Migrating sub-select MySQL query to Presto
When you have working SQL query there might not be so simple and straightforward it’s migration to Presto SQL. Recently I had a job to extract data from one table but with multiple added columns which requires sub-select. To demonstrate the problem and solution I have prepared simple user and location table where location entry represents where and where have users moved.
User
+----+-------+
| id | name |
+----+-------+
| 1 | Tom |
| 2 | Sally |
| 3 | Ben |
+----+-------+
Location
+----+---------+-------------+----------------------+
| id | user_id | name | moved_on |
+----+---------+-------------+----------------------+
| 1 | 1 | 'New York' | '2010-1-1 00:00:00' |
| 2 | 1 | 'Columbus' | '2011-1-1 00:00:00' |
| 3 | 1 | 'Miami' | '2012-1-1 00:00:00' |
| 4 | 2 | 'Miami' | '2010-1-1 00:00:00' |
| 5 | 2 | 'Columbus' | '2011-1-1 00:00:00' |
| 6 | 3 | 'Miami' | '2010-1-1 00:00:00' |
| 7 | 3 | 'New York' | '2011-1-1 00:00:00' |
+----+---------+-------------+----------------------+
Solution is using Presto’s window function
If you have trouble understanding windows functions by reading their docs, please continue reading this post and learn “by example”.
Task
Find all users who ever lived in Miami and display their current location and if their current location is Miami.
PostgreSQL
PostgreSQL solution would look something like the first next code example. Note the current_location inside SELECT clause.
SELECT
"user".id,
"user".name,
(
SELECT l.name
FROM location l
WHERE location.user_id=l.user_id
ORDER BY l.moved_on DESC
LIMIT 1
) current_location,
CASE WHEN
EXISTS (
SELECT l.id
FROM location l
WHERE
location.user_id = l.user_id AND
location.moved_on > l.moved_on
)
THEN 'True'
ELSE 'False'
END AS is_miami_latest_location
FROM location
JOIN "user"
ON "user".id = location.user_id
WHERE
location.name = 'Miami'
;
To test it out you can run postgreSQL in docker.

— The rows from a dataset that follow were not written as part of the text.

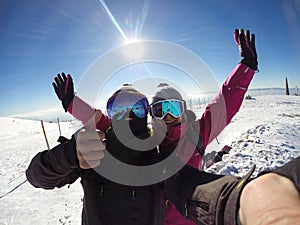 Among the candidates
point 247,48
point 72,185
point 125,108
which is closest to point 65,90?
point 125,108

docker run --name pg -e POSTGRES_PASSWORD=mysecretpassword -d postgres
docker exec -it pg psql -U postgres
Psql shell will pop up where you create and seed db.
CREATE DATABASE subquery
\c subquery
CREATE TABLE IF NOT EXISTS "user" (
id INT PRIMARY KEY,
name VARCHAR (50) NOT NULL
);
CREATE TABLE IF NOT EXISTS "location" (
id INT PRIMARY KEY,
user_id INT NOT NULL,
name VARCHAR (50) NOT NULL,
moved_on TIMESTAMP NOT NULL,
CONSTRAINT fk_user
FOREIGN KEY (user_id)
REFERENCES "user" (id)
);
INSERT INTO "user" VALUES
(1, 'tom'),
(2, 'sally'),
(3, 'ben');
INSERT INTO location VALUES
(1, 1, 'New York', '2010-1-1 00:00:00'),
(2, 1, 'Columbus', '2011-1-1 00:00:00'),
(3, 1, 'Miami', '2012-1-1 00:00:00'),
(4, 2, 'Miami', '2010-1-1 00:00:00'),
(5, 2, 'Columbus', '2011-1-1 00:00:00'),
(6, 3, 'Miami', '2010-1-1 00:00:00'),
(7, 3, 'New York', '2011-1-1 00:00:00');
Presto
Solution in presto looks like the first next code example. See how I added WITH clause before SELECT clause and then used it with LEFT JOIN.
WITH city AS (
SELECT user_id, name, moved_on,
row_number() over (partition by user_id order by moved_on desc) city_freshness
FROM location
),
latest_location AS (SELECT * FROM city where city_freshness=1)
SELECT
"user".id,
"user".name,
latest_location.name as current_location,
CASE WHEN
EXISTS (
SELECT l.id
FROM location l
WHERE
location.user_id = l.user_id AND
location.moved_on > l.moved_on
)
THEN 'True'
ELSE 'False'
END AS is_miami_latest_location
FROM location
JOIN "user"
ON "user".id = location.user_id
LEFT join latest_location on location.user_id = latest_location.user_id
WHERE
location.name = 'Miami'
;
To test it out you can run Presto in docker.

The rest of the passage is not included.